**What you will do:** Type out each entry exactly as it appears, but keep every image out.

**Materials provided:**
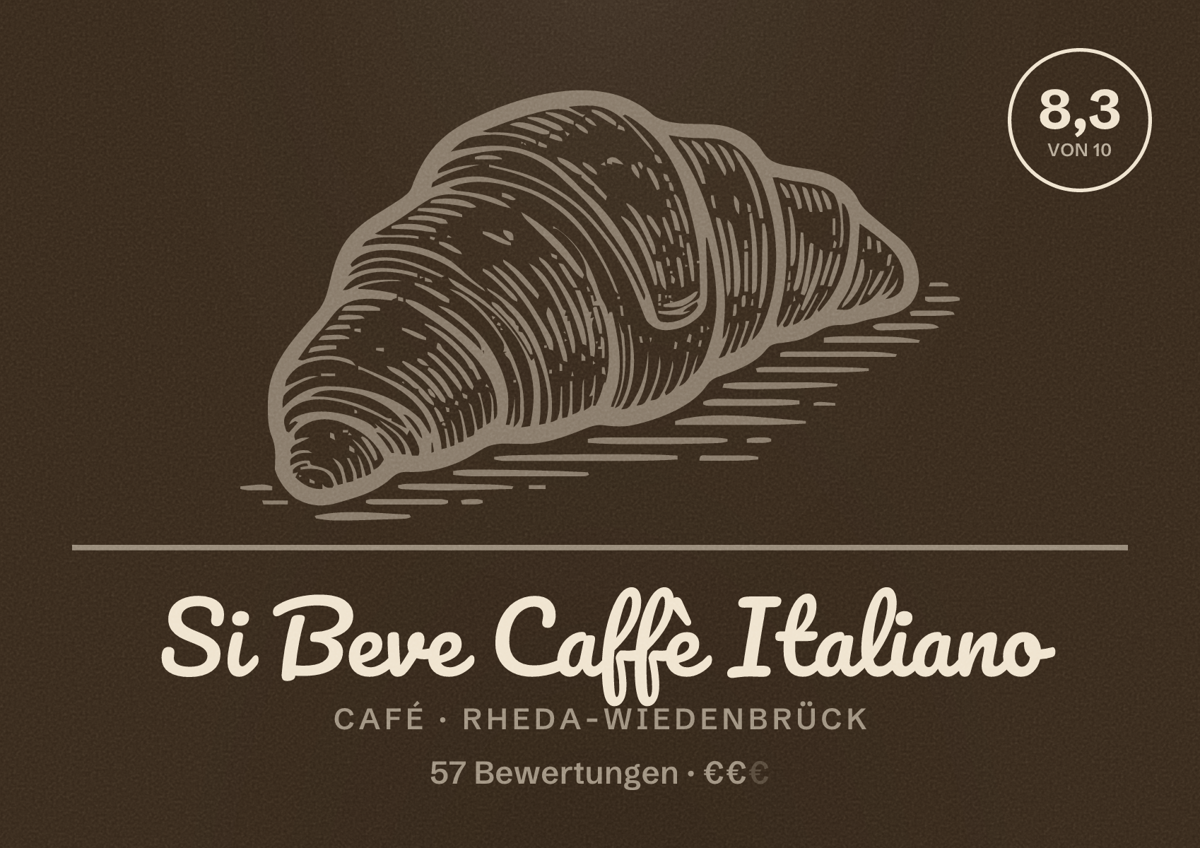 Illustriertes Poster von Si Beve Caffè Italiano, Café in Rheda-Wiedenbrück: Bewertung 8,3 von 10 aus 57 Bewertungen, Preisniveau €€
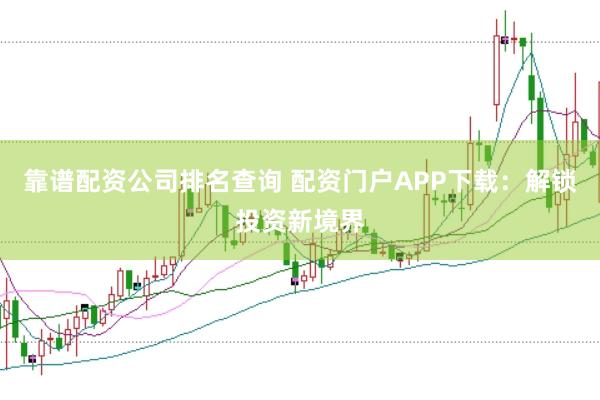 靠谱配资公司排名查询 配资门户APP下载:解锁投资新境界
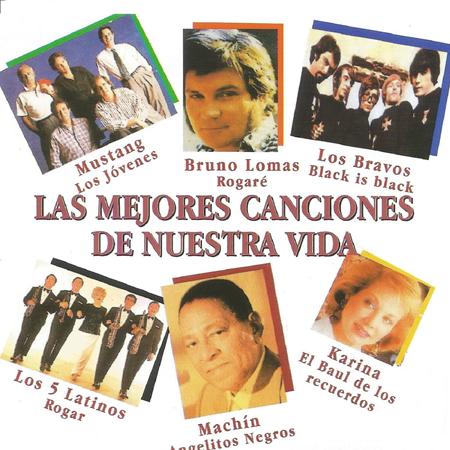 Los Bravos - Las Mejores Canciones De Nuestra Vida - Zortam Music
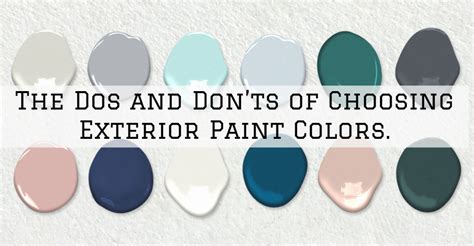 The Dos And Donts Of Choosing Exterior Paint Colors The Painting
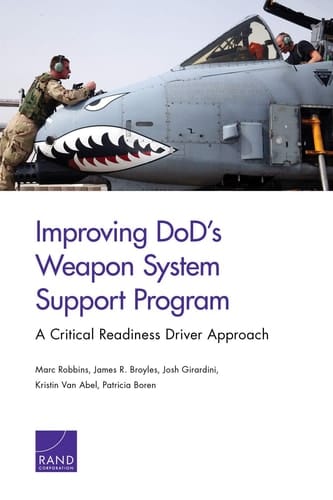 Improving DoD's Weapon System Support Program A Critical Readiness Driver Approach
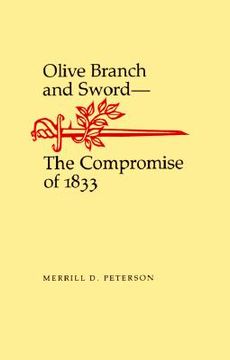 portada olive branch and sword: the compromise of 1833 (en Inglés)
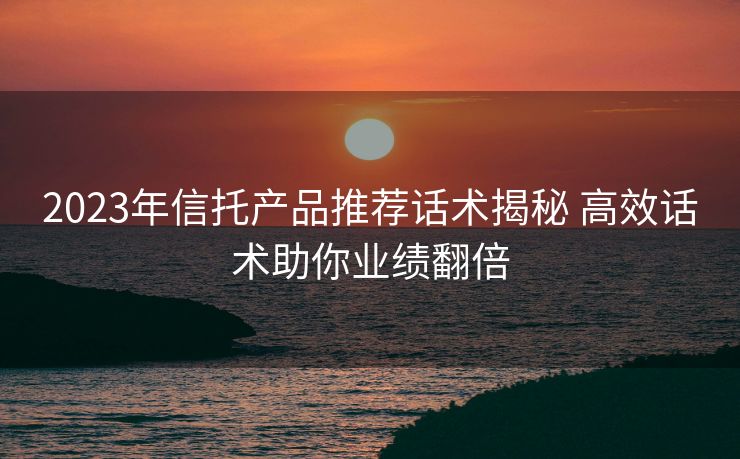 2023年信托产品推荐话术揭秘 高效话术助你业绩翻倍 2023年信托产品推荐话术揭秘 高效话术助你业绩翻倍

**Answer area:**
 Illustriertes Poster von Si Beve Caffè Italiano, Café in Rheda-Wiedenbrück: Bewertung 8,3 von 10 aus 57 Bewertungen, Preisniveau €€
 靠谱配资公司排名查询 配资门户APP下载:解锁投资新境界
 Los Bravos - Las Mejores Canciones De Nuestra Vida - Zortam Music
 The Dos And Donts Of Choosing Exterior Paint Colors The Painting
 Improving DoD's Weapon System Support Program A Critical Readiness Driver Approach
 portada olive branch and sword: the compromise of 1833 (en Inglés)
 2023年信托产品推荐话术揭秘 高效话术助你业绩翻倍 2023年信托产品推荐话术揭秘 高效话术助你业绩翻倍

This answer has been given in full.